Pourquoi la Navy gardera le Super Hornet aux côtés du F-35C : rôles complémentaires, « truck » à munitions, coûts d’exploitation et modernisations.

En résumé

La Carrier Air Wing américaine ne passera pas au tout-F-35C. La Marine préserve le F/A-18E/F Super Hornet pour ce qu’il fait mieux : générer des sorties nombreuses, emporter beaucoup d’armement externe, tenir la cadence en mer et servir de « truck » à munitions pour les raids où la furtivité n’est pas indispensable. Le F-35C apporte la pénétration discrète, la fusion de capteurs et l’ouverture de corridors en zone A2/AD grâce à sa faible signature, mais son emport interne limite la masse de bombes quand il faut rester furtif. Le Super Hornet Block III gagne en potentiel (durée de vie portée à 10 000 h, réseau TTNT/DTP-N, IRST) et reste compétitif en coûts, avec une chaîne de maintenance bien huilée sur porte-avions. L’arrivée du ravitailleur MQ-25 étend les rayons d’action et renforce la complémentarité : le F-35C perce, le Super Hornet suit et livre la charge. Les données budgétaires et de disponibilité confirment ce partage des rôles.
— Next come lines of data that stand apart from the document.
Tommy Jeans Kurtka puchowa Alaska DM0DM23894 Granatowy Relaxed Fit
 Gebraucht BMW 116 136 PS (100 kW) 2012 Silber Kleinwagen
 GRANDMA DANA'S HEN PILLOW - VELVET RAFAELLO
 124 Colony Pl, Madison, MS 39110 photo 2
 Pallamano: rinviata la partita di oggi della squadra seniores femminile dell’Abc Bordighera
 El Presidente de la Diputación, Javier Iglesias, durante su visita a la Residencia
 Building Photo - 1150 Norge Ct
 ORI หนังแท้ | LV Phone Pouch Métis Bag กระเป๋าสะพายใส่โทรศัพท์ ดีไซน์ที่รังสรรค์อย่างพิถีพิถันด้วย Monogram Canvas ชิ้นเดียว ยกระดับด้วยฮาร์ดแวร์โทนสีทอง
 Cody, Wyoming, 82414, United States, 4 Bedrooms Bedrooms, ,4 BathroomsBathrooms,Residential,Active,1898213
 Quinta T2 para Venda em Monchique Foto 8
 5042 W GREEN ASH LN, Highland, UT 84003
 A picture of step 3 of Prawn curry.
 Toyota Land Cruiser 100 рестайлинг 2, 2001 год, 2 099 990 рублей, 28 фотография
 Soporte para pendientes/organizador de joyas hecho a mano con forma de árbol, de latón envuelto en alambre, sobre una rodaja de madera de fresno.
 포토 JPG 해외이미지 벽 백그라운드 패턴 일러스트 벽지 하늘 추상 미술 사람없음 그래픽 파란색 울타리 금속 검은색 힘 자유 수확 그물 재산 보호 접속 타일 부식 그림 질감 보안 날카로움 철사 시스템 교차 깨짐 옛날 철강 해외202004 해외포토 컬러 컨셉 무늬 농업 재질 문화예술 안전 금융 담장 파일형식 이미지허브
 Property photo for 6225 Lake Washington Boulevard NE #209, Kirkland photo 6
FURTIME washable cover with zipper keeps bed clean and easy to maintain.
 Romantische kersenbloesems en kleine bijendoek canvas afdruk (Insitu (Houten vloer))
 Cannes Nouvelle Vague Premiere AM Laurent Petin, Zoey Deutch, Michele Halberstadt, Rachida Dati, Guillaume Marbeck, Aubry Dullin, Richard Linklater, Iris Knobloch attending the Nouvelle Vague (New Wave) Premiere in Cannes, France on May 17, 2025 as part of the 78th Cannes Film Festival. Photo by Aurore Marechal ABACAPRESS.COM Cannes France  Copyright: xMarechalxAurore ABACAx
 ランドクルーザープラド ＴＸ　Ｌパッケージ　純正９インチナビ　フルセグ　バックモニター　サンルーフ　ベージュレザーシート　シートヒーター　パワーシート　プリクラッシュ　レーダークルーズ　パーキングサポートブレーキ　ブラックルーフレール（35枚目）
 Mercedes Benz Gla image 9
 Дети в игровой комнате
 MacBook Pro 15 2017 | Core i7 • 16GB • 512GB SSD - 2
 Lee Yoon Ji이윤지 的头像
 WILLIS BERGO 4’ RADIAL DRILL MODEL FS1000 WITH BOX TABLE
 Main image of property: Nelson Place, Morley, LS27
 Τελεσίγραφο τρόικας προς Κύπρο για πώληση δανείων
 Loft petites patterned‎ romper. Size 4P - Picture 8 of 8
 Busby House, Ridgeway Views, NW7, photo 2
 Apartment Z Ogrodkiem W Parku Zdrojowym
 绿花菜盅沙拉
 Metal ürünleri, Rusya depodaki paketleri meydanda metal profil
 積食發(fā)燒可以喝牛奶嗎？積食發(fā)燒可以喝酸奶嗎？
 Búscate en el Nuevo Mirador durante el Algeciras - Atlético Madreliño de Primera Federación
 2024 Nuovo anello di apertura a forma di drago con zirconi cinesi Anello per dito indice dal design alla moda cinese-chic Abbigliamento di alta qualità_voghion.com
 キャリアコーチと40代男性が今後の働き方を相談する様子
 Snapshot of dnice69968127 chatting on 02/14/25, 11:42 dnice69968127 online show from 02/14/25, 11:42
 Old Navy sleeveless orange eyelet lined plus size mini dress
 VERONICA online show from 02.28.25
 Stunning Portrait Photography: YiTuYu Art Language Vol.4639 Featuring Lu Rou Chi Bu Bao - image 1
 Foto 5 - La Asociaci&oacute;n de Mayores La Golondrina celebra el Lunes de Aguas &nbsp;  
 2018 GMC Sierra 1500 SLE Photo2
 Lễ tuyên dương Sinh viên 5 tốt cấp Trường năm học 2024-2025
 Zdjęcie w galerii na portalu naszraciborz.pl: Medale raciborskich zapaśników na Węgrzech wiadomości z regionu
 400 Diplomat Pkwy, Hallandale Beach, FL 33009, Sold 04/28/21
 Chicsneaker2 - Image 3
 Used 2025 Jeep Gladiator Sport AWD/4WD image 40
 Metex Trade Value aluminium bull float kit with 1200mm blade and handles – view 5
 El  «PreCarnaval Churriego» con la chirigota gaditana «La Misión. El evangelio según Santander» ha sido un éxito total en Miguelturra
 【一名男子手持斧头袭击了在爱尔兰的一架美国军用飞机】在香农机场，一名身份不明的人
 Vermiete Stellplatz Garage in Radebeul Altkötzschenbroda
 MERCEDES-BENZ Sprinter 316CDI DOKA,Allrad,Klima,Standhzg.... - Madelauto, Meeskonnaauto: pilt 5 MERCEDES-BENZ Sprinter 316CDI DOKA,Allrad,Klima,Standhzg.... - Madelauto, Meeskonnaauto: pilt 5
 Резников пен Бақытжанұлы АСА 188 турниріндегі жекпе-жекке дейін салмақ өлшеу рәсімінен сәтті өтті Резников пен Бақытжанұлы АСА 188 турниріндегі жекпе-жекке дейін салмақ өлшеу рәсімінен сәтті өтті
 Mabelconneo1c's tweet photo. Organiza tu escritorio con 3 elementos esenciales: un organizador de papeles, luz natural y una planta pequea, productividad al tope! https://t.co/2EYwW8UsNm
Le cadre opérationnel : une aile embarquée mixte par design

La composition actuelle des Carrier Air Wings prévoit trois escadrons de F/A-18E/F et un escadron de F-35C (en montée progressive), avec E-2D, EA-18G et hélicoptères. Cette mixité n’est pas transitoire : elle répond à deux besoins antagonistes mais complémentaires — furtivité pour ouvrir la voie et profondeur de munitions pour frapper massivement en environnement permissif ou semi-permissif. À court terme, la Navy vise une montée des flottes F-35C sans renoncer au volume de Super Hornet nécessaire pour la permanence et l’attrition en mer.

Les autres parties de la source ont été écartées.